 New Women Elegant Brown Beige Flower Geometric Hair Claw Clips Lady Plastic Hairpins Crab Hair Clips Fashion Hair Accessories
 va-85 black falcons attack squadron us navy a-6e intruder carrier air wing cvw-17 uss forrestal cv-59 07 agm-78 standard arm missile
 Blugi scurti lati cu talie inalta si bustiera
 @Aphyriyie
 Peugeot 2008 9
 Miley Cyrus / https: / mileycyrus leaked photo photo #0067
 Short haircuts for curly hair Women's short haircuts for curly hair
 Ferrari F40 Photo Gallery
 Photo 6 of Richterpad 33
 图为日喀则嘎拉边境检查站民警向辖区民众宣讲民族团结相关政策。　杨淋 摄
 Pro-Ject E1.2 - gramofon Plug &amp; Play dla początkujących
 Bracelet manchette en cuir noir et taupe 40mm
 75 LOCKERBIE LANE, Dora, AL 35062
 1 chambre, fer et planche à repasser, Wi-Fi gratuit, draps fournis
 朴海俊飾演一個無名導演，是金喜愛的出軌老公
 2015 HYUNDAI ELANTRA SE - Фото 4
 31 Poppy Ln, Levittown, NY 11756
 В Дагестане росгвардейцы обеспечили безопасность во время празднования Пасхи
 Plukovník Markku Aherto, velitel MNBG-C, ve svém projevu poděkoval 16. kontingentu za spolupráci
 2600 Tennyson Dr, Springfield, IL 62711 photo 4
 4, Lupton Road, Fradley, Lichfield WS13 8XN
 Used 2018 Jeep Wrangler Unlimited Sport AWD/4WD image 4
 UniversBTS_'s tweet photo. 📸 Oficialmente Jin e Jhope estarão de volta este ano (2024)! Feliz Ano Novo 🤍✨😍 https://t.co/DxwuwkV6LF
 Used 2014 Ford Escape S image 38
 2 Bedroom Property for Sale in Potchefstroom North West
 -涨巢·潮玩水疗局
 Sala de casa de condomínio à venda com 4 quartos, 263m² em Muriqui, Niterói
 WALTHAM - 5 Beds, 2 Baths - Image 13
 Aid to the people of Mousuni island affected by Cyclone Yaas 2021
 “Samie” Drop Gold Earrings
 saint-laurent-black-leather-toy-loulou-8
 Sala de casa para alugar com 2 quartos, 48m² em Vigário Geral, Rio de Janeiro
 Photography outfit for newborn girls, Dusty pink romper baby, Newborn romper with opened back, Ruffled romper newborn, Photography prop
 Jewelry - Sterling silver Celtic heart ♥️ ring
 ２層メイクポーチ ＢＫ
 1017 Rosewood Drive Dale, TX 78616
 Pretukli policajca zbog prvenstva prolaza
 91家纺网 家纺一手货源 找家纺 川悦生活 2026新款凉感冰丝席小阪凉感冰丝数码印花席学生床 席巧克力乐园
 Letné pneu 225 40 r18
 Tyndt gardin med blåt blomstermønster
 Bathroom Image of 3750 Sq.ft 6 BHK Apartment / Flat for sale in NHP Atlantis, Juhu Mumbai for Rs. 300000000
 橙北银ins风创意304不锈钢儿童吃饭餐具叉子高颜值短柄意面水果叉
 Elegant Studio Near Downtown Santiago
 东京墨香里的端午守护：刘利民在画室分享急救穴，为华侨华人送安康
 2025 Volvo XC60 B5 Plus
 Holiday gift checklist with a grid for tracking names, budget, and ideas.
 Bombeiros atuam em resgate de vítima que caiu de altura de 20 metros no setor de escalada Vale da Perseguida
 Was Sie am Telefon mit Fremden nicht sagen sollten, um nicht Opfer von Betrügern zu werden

============

Copy, exactly and with nothing added, the lines from the one containing "Letné pneu 225 40 r18" through the end of the records.

 Letné pneu 225 40 r18
 Tyndt gardin med blåt blomstermønster
 Bathroom Image of 3750 Sq.ft 6 BHK Apartment / Flat for sale in NHP Atlantis, Juhu Mumbai for Rs. 300000000
 橙北银ins风创意304不锈钢儿童吃饭餐具叉子高颜值短柄意面水果叉
 Elegant Studio Near Downtown Santiago
 东京墨香里的端午守护：刘利民在画室分享急救穴，为华侨华人送安康
 2025 Volvo XC60 B5 Plus
 Holiday gift checklist with a grid for tracking names, budget, and ideas.
 Bombeiros atuam em resgate de vítima que caiu de altura de 20 metros no setor de escalada Vale da Perseguida
 Was Sie am Telefon mit Fremden nicht sagen sollten, um nicht Opfer von Betrügern zu werden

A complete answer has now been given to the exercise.